CATE LE BON at the Drake Underground (1150 Queen West), Tuesday (January 21), doors 8 pm. $12.50. RT, SS, TF.
Welsh singer/songwriter Cate Le Bon's latest full-length, Mug Museum, is delicately elegant. Her voice, most often compared to Nico's, is comforting and friendly - just right for a rainy afternoon.
When Le Bon answers the phone outside a New Orleans tour stop, she sounds like an extension of the persona on her jangly, 60s-inspired sleepy pop.
"I've actually just woken up," she confesses with a giggle. "When you called, I realized I wouldn't have to help with load-in."
But it's not all laughs. Peel away the cozy, charming layers of Mug Museum and you'll find tales of pain and disillusionment.
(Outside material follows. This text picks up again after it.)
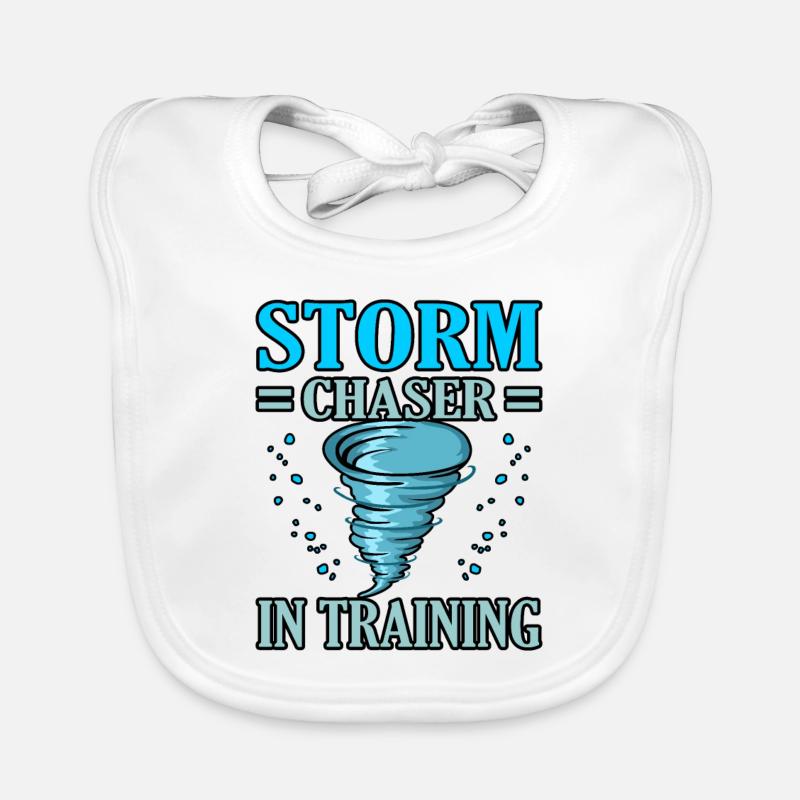 Tornade Bavoir bio Bébé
Pensively, Le Bon details how she wrote the record in the wake of her maternal grandmother's death.
"It's not meant to be morbid, but there was a period of reflecting on who I was," she says. "I had to figure out if my role was worth something in this chain of females in my family."
Le Bon's reflections quickly turned so intensely introspective that she began to question the meaning of her existence.
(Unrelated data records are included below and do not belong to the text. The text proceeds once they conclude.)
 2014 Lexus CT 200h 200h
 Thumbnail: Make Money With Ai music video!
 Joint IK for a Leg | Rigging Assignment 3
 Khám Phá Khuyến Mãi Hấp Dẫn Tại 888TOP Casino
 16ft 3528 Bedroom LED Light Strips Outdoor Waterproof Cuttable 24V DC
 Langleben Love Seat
"I was thinking about my own age. There were periods when I stopped and thought, ‘Well, my god, this could just be it [for my career]. Everything I see now could be it.'"
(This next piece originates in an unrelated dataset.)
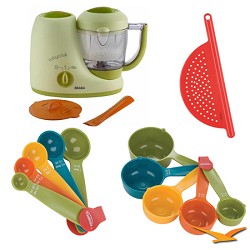 Beaba Babycook Baby Food Maker   Sorbet   Bundle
What ultimately helped Le Bon come to terms with her loss and her role as a critically acclaimed singer was playing the album live.
Now midway through an extensive North American and European tour, she seeks a balance between a persona her fans can enjoy and a woman who's still finding her own path.
"I've always been very cagey," she says about sharing such personal songs. "I like to think I write them in a way that they can be applied to many different things. Otherwise, I keep things very close."